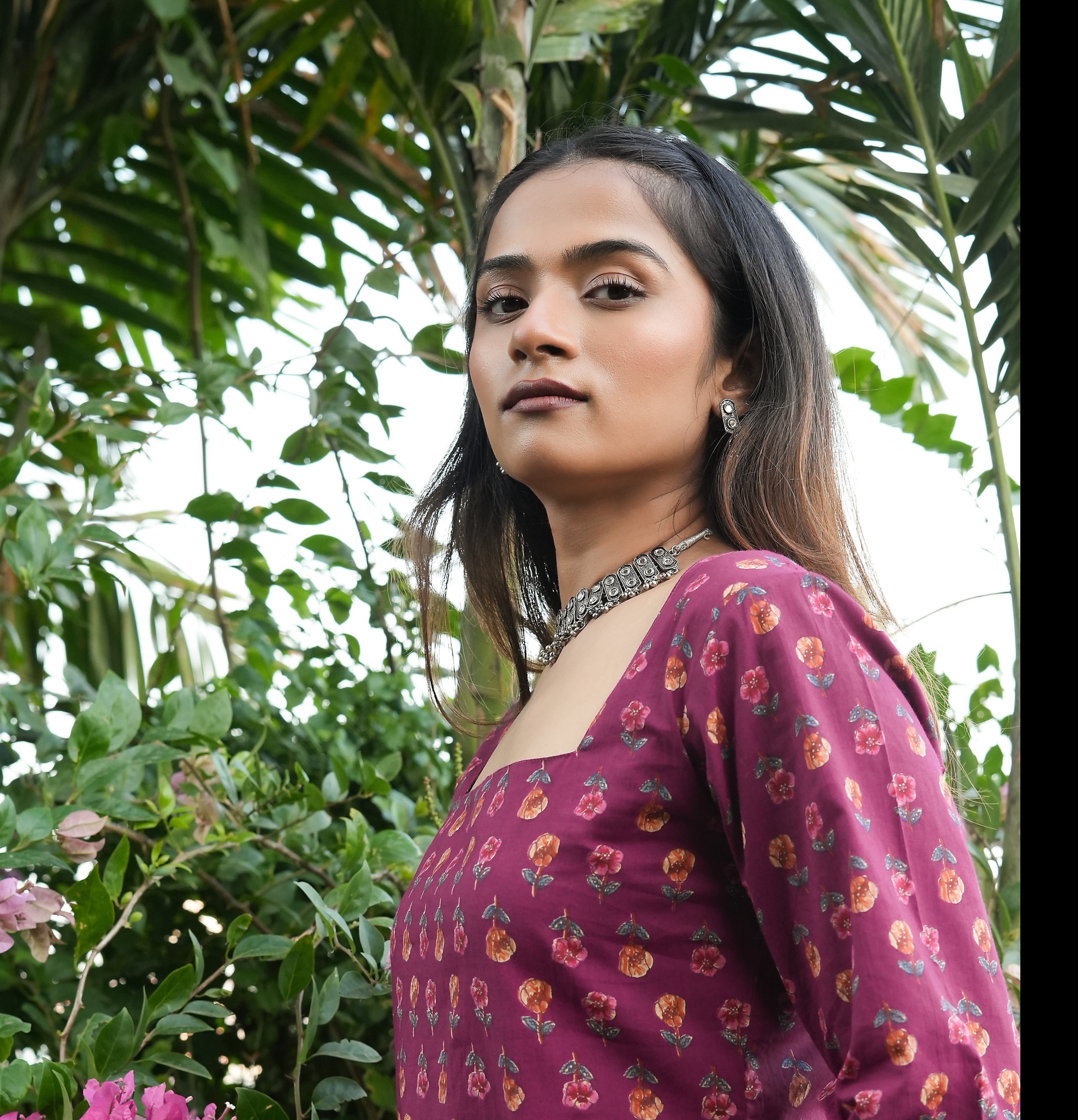 Woman in a Wine blossom kurti standing among green foliage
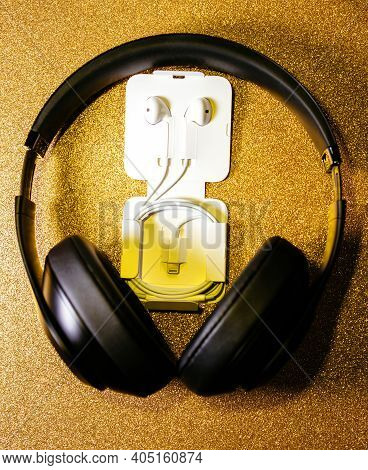 Paris, France - Oct 2, 2018: Apple Computers Earpods Headphones With Lightning Connector On The Gold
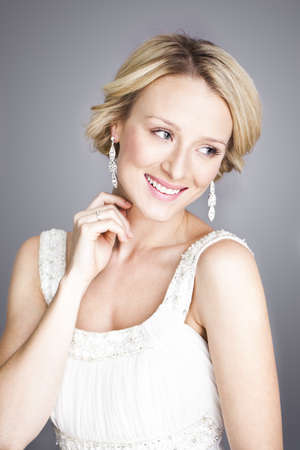 Portrait of beautiful woman smiling to side of camera の写真素材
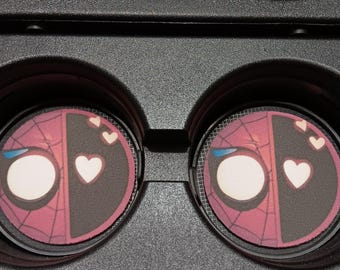May include: Two car coasters featuring a split design: one side depicts Spider-Man's mask, the other Deadpool's mask. Each coaster has a white heart and two smaller hearts. The coasters are set in a black car console.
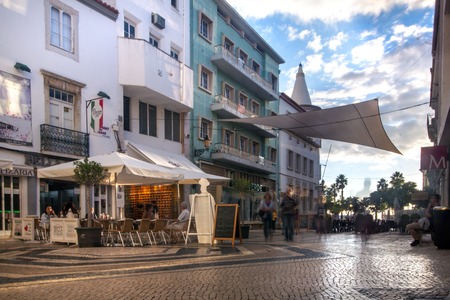 FARO, PORTUGAL - October 16, 2019: Tourist downtown area of Faro city with cobblestone streets and restaurants.のeditorial素材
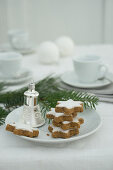 Cinnamon stars and Christmas decorations on a plate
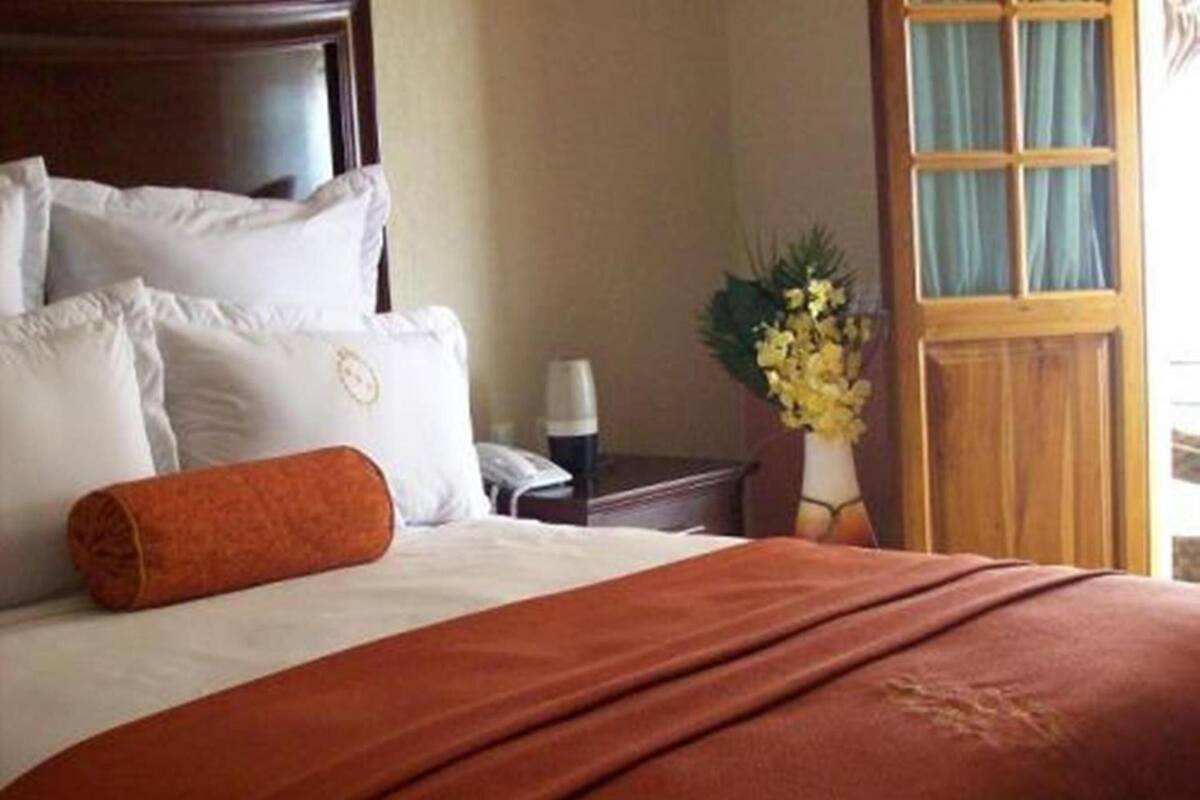 Une chambre d’hôtel avec un lit bien fait, une tête de lit en bois, une table de chevet avec une lampe et une fenêtre avec des rideaux.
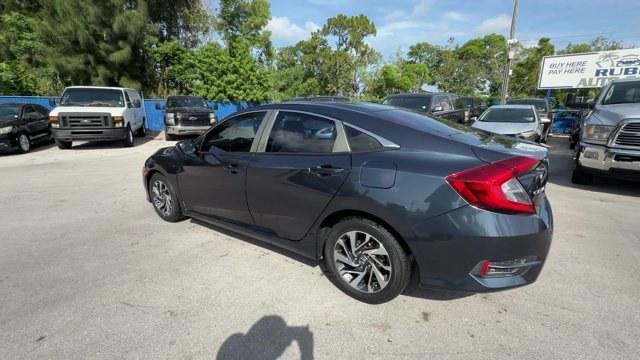 2016 Gray Honda Civic Sedan (19XFC2F70GE) with an 4 2.0 L engine, Variable transmission, located at 27610 S Dixie Hwy, Homestead, FL, 33032, (305) 749-2348, 25.510241, -80.438301 - IIHS Top Safety Pick+. Only 98,630 Miles! Scores 41 Highway MPG and 31 City MPG! This Honda Civic Sedan delivers a Regular Unleaded I-4 2.0 L/122 engine powering this Variable transmission. Window Grid Antenna, Wheels: 16 Alloy, Wheels w/Silver Accents.* This Honda Civic Sedan Features the Following- Photo#2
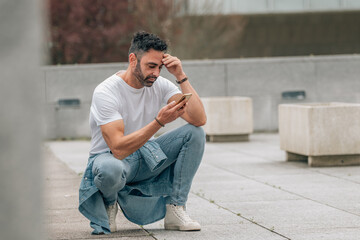 attractive young adult man with beard outdoors looking worried at mobile phone
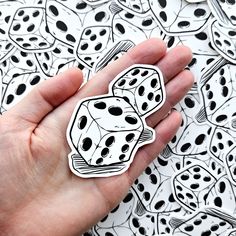 a hand holding a pair of dice stickers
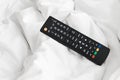 Remote on bed sheets Royalty Free Stock Photo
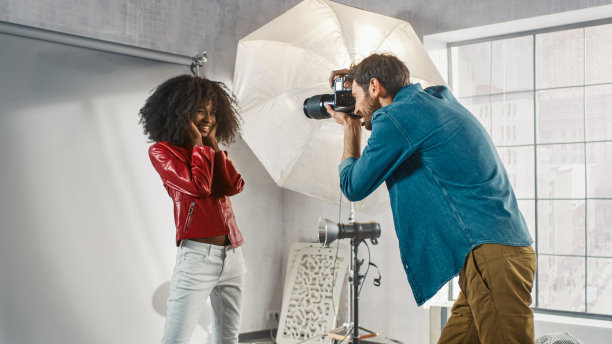 幕后照片拍摄:美丽的黑色模特为摄影师摆姿势，他用专业相机拍照。时尚时尚杂志照片拍摄与专业设备在一个工作室图片下载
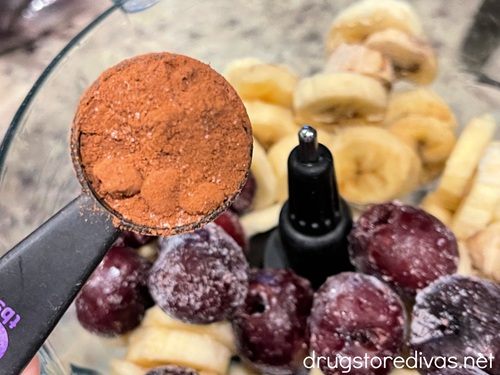 Cocoa powder in a measuring spoon above cherries and banana slices in a blender.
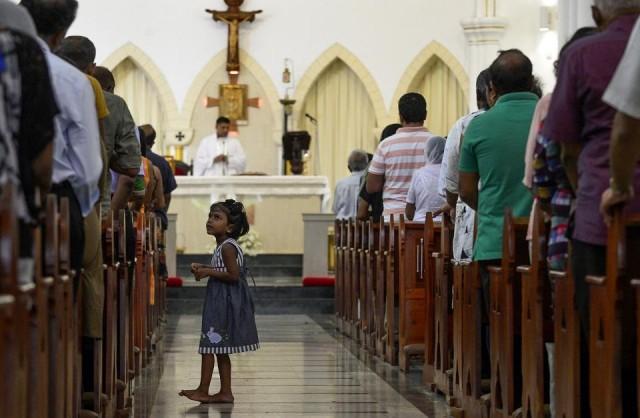 Sri Lankan Catholic devotees pray during a mass at the St. Theresa's Church in Colombo on May 12, 2019 as the country's Catholic churches hold services again for the first time after the Easter attacks amid tight security. Lakruwan Wanniarachchi/AFP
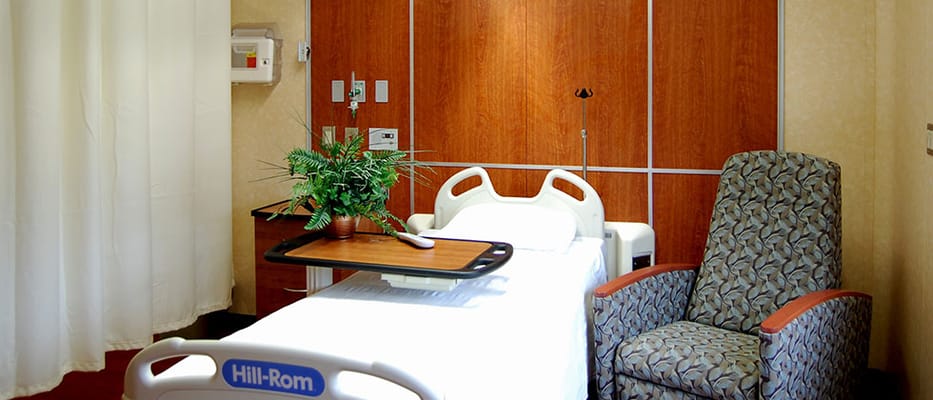Interior of a patient room with a bed and chair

→ **TASK STATEMENT**
Write out exactly, and only, the lines from the line holding "Portrait of beautiful" through the end of the data, inclusive, without any pictures.

→ **RESULT OF THE TASK**
 Portrait of beautiful woman smiling to side of camera の写真素材
May include: Two car coasters featuring a split design: one side depicts Spider-Man's mask, the other Deadpool's mask. Each coaster has a white heart and two smaller hearts. The coasters are set in a black car console.
 FARO, PORTUGAL - October 16, 2019: Tourist downtown area of Faro city with cobblestone streets and restaurants.のeditorial素材
 Cinnamon stars and Christmas decorations on a plate
 Une chambre d’hôtel avec un lit bien fait, une tête de lit en bois, une table de chevet avec une lampe et une fenêtre avec des rideaux.
 2016 Gray Honda Civic Sedan (19XFC2F70GE) with an 4 2.0 L engine, Variable transmission, located at 27610 S Dixie Hwy, Homestead, FL, 33032, (305) 749-2348, 25.510241, -80.438301 - IIHS Top Safety Pick+. Only 98,630 Miles! Scores 41 Highway MPG and 31 City MPG! This Honda Civic Sedan delivers a Regular Unleaded I-4 2.0 L/122 engine powering this Variable transmission. Window Grid Antenna, Wheels: 16 Alloy, Wheels w/Silver Accents.* This Honda Civic Sedan Features the Following- Photo#2
 attractive young adult man with beard outdoors looking worried at mobile phone
 a hand holding a pair of dice stickers
 Remote on bed sheets Royalty Free Stock Photo
 幕后照片拍摄:美丽的黑色模特为摄影师摆姿势，他用专业相机拍照。时尚时尚杂志照片拍摄与专业设备在一个工作室图片下载
 Cocoa powder in a measuring spoon above cherries and banana slices in a blender.
 Sri Lankan Catholic devotees pray during a mass at the St. Theresa's Church in Colombo on May 12, 2019 as the country's Catholic churches hold services again for the first time after the Easter attacks amid tight security. Lakruwan Wanniarachchi/AFP
Interior of a patient room with a bed and chair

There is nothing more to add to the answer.